On top of all that madness, the rear wheel of my Franklin was severally dented in one of the obscenely large pot-holes that Louisiana roads are notorious for. On a seventeen mile ride through various neighborhoods and downtown Shreveport I did not see the gaping hole in the darkness until I was upon it. I knew immediately there was a problem as I could both feel and hear the back-wheel rubbing the pads on its caliper brake. I was able to true it back up but as of yet am unable to correct the dent that has it out of round.


It's a little hard to see, but the dent is directly above the middle spoke hole.


Looks small but it has a pronounced feel while riding.
I am still riding it while I plan on how to attack this. I was just planning on removing that individual spoke and hitting it with a hammer, but I believe that even a brass hammer is probably to much for the aluminum rim which means I would have to buy a plastic one.

To true the wheel I used a coin shaped universal spoke wrench which I have seen much maligned elsewhere on the internet. 


It was my first time using it and I thought it performed quite well. It might not be up to the standards of someone accostomed to expensive precision tools, but I am used to making due with less.

Tuesday, October 6, 2009

The Ravages of Neglect and Poverty; beggars can't be choosers.
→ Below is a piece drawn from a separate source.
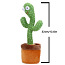Tantsiv kaktus (foto #3)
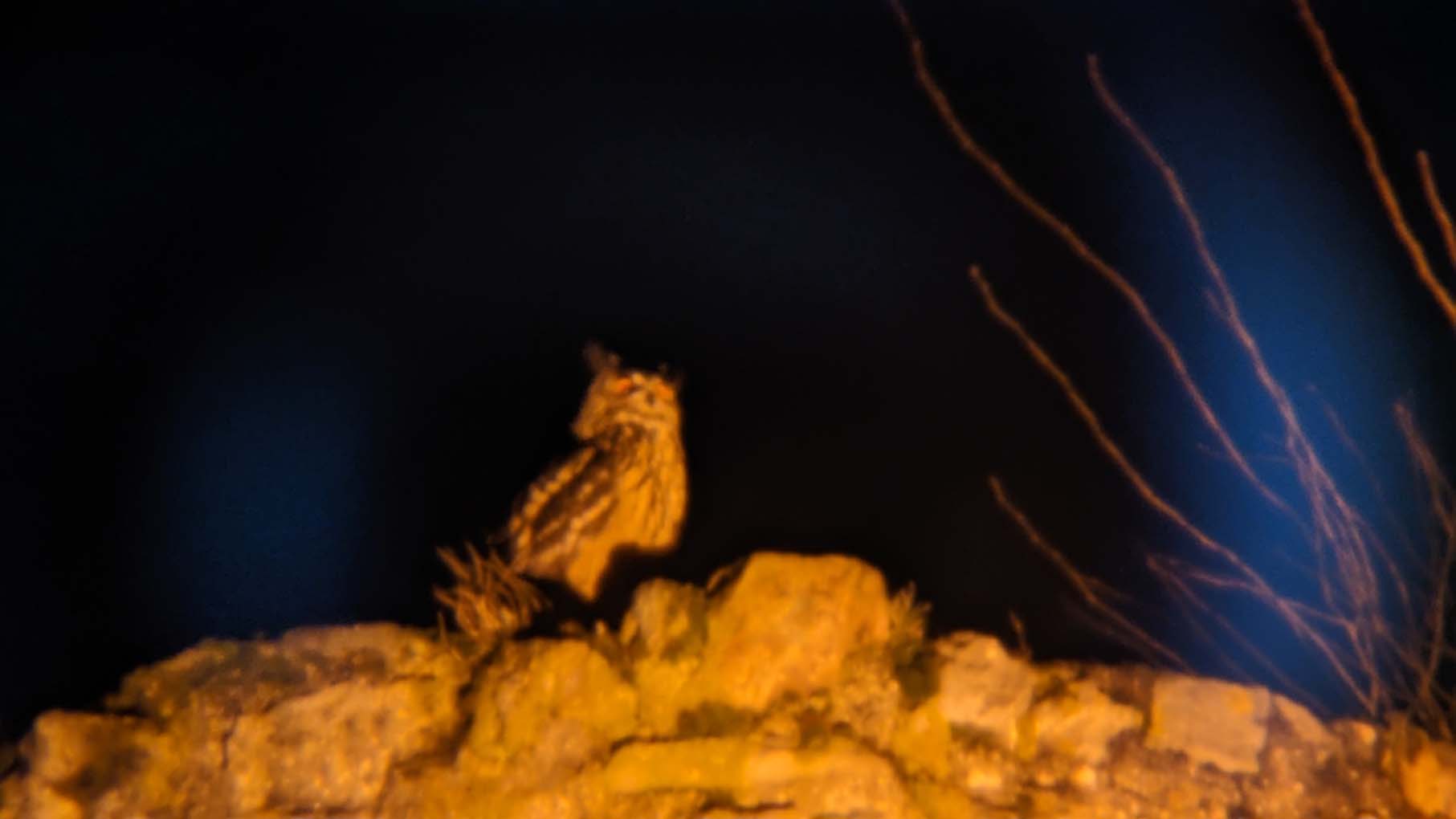 Mehr über den Artikel erfahren Königstein: Uhus auf der Burg – Die siebte Brutsaison hat begonnen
I have a beautiful Franklin road bike. This bike is so beautiful that I would never have been able to afford it (I can barely afford to keep it on the road). The luck of my ownership of it I owe entirely to the laziness of a former roomate. In college I had a short lived roomate of about three months. He brought with him to my apartment his stepfather's old Franklin equipped with exotic, intimidating names like Cinelli and Campagnolo. It sat in our living room completely unused on flat tubular tires because he would always rather ride the racing Haro BMX bicycle he bought when we were in grade school. At the end of his tenure as my roomate (he dropped out of school) he moved to Dallas TX and told me I could have it because he didn't feel like moving it back with him. I let it go further neglected fearing it's exotic nature (it's components all bore the above mentioned brand names of refined Italian breeding), choosing instead the cheap safety of my yellow Goodwill cruiser.

Upon my depressing return to Shreveport Louisiana I found myself struggling to get around it's hilly neighborhoods on this same extremely heavy cruiser. I realized I needed something lighter in weight, something with gears for my coffee shop trips and I had this Franklin just laying around that was the lightest bike I had ever handled so I took to it and have only rarely, on flat roads, looked back to to my cruiser.




It's lightness and gears have liberated me here but I have found new struggles with it in trying to afford to keep it on the road. For all the neglect it has suffered it has paid me back in need of parts and maintenance. I am well aware of the debate between the impassioned riders of both clinchers and tubular tires but their arguments have rarely included price. The Franklin has had three flats since I brought it here and each has cost my sorry unemployed self thirty dollars apiece. All concern for ride quality or rolling resistance have gone out the window with the bitter knowledge that if I'd had clinchers these flats would only have cost me three dollars for new inner tubes.

Another recent potential financial burden came in the form of its brake hoods. The original gum hoods on its Campagnolo Record non-aero brake levers were UV damaged, dry rotted, and falling apart (as gum hoods are so apparently prone to do). The only thing I was keeping them on with was yellow electrical tape.



I searched for new replacement brake hoods. They were available by order at my LBS, in black rubber only, for nearly sixty dollars. Completely ignoring the expense I was unwilling to accept, I did not think black was a fitting color to compliment its navy frame and canary yellow tape and housing. I searched and found some NOS brown gum hoods but they were equally expensive. I was assured by the website that these NOS hoods were "show quality," but my bike is going to be ridden not be on display. These were unacceptably expensive solutions so instead I bought some cheap brown Cane Creek brake hoods:



They are obviously not a perfect fit, but they work. They are ridable and more aesthetically pleasing than the rot covered in electrical tape that they replaced. Plus, I saved fifty four dollars over the new or NOS alternatives. Now I only hope that its fantastic Benotto Cellotape holds up because I can accept no substitutions for it.